(Records from a collection)
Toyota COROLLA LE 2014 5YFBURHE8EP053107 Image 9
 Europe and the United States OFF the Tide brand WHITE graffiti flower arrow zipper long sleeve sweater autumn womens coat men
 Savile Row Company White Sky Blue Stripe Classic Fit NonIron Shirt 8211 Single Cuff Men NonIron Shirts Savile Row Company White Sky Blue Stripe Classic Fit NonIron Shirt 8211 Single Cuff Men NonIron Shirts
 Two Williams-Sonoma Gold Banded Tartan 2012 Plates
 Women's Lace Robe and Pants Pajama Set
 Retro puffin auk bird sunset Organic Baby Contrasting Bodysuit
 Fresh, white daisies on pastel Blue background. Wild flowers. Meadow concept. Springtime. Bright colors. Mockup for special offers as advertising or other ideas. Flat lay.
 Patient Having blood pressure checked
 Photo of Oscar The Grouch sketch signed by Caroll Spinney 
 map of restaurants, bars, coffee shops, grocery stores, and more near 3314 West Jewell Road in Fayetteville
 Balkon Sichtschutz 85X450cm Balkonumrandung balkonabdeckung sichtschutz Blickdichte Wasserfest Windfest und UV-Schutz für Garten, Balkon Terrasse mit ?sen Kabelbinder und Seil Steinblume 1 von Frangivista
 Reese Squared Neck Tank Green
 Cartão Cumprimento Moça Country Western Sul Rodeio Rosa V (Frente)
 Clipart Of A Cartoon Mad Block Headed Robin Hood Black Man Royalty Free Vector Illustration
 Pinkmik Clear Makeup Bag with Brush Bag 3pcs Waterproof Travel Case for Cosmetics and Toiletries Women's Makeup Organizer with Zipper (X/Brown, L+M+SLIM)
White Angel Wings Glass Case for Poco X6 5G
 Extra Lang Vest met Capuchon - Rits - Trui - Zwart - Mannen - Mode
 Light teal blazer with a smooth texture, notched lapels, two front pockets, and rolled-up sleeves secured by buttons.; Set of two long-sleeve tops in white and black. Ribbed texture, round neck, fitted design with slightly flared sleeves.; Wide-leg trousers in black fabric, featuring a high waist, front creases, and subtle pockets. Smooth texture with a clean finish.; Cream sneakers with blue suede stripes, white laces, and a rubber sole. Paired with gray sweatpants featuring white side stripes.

## [What to produce]
All lines of the entries containing the string "Case" must be shown in full.

## [Solution for this exercise]
 Pinkmik Clear Makeup Bag with Brush Bag 3pcs Waterproof Travel Case for Cosmetics and Toiletries Women's Makeup Organizer with Zipper (X/Brown, L+M+SLIM)
White Angel Wings Glass Case for Poco X6 5G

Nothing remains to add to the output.